# TASK:
Would you please repeat exactly the entries below, starting at the line with "By February 12th" and ending at the line with "So if I have", and nothing outside that range? Leave out the pictures.

# DATA UNDER STUDY:
-=-=-=-=-

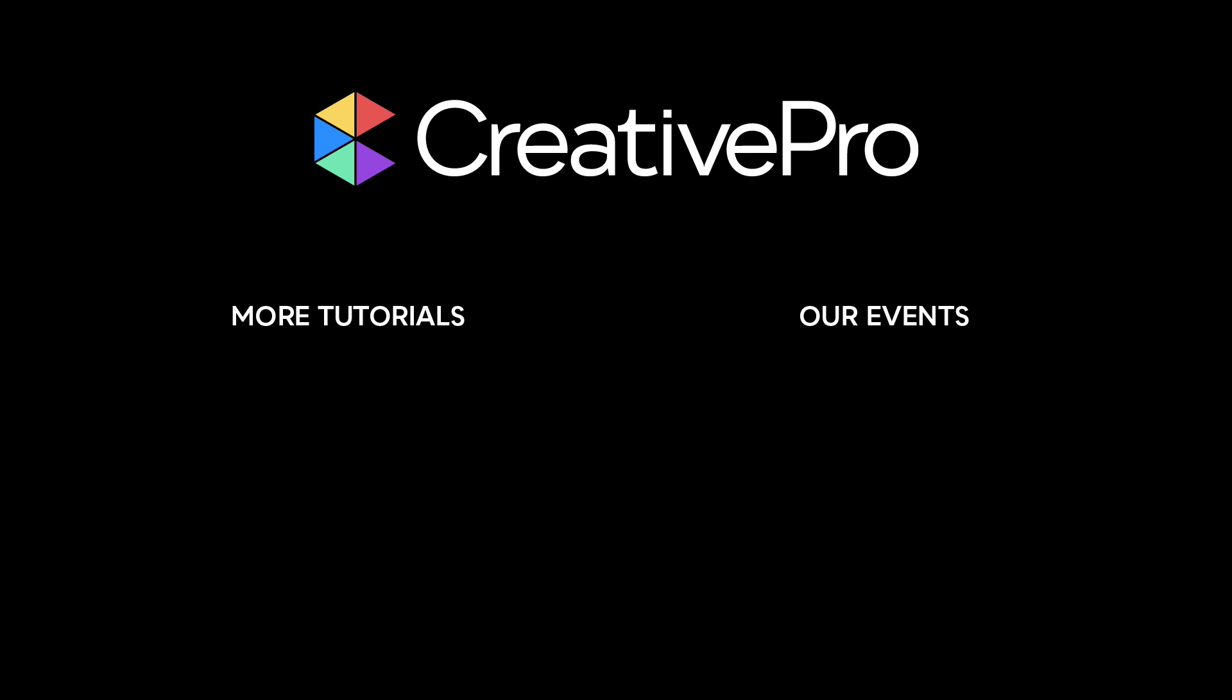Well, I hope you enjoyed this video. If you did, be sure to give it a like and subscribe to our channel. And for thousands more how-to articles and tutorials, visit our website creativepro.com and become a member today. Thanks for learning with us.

-=-=-=-=-

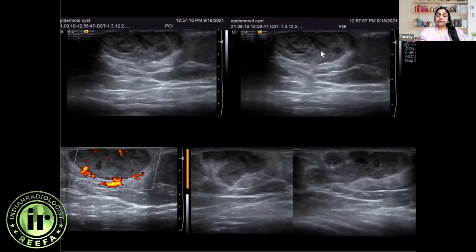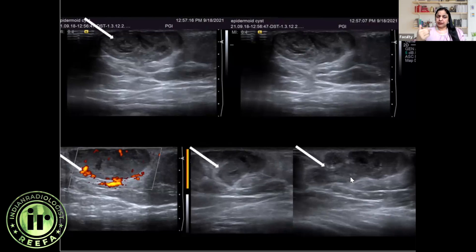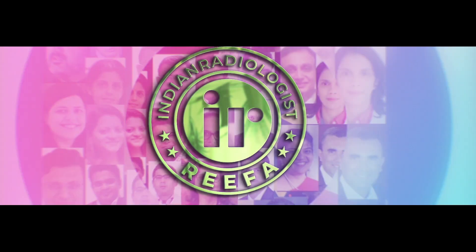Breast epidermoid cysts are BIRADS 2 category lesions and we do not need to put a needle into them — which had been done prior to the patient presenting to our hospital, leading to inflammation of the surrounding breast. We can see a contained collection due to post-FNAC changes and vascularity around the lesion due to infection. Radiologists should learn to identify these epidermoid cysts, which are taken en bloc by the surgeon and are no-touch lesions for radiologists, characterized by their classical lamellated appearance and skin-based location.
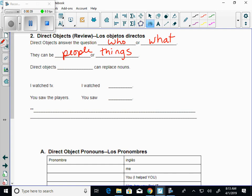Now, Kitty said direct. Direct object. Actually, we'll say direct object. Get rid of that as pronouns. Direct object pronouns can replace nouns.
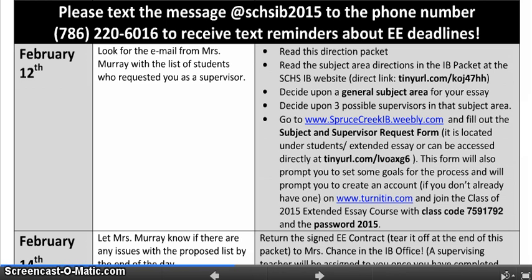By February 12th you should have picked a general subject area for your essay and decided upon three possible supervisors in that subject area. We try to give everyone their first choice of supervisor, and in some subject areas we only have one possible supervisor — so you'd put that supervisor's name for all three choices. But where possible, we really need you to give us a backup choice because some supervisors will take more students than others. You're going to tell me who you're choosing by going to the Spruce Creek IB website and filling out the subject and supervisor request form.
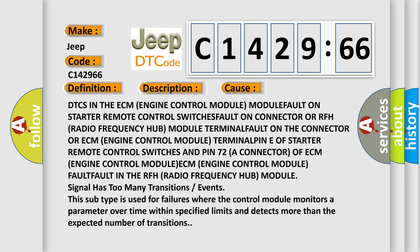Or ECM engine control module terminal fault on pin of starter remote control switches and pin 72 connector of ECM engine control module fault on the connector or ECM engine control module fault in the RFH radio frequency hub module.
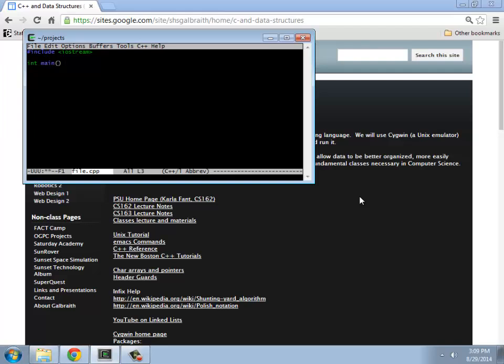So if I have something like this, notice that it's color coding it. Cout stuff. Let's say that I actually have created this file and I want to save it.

-=-=-=-=-

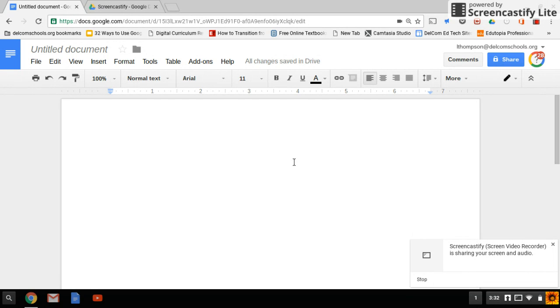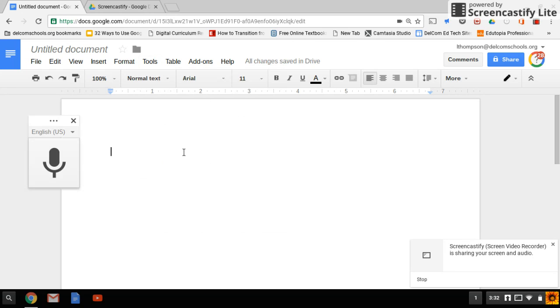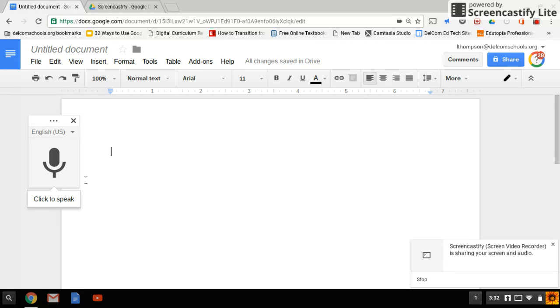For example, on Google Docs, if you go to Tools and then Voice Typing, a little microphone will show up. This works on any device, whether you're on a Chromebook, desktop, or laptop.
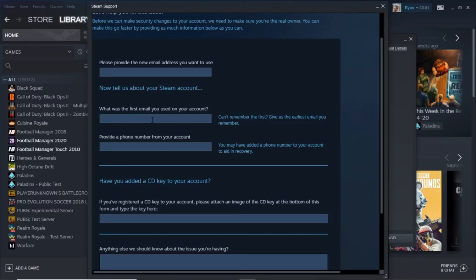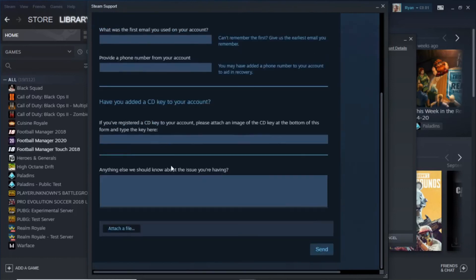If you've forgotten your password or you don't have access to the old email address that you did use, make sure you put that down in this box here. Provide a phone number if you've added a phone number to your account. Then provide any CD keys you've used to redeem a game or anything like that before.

-=-=-=-=-

# OUTPUT:
By February 12th you should have picked a general subject area for your essay and decided upon three possible supervisors in that subject area. We try to give everyone their first choice of supervisor, and in some subject areas we only have one possible supervisor — so you'd put that supervisor's name for all three choices. But where possible, we really need you to give us a backup choice because some supervisors will take more students than others. You're going to tell me who you're choosing by going to the Spruce Creek IB website and filling out the subject and supervisor request form.
Or ECM engine control module terminal fault on pin of starter remote control switches and pin 72 connector of ECM engine control module fault on the connector or ECM engine control module fault in the RFH radio frequency hub module.
So if I have something like this, notice that it's color coding it. Cout stuff. Let's say that I actually have created this file and I want to save it.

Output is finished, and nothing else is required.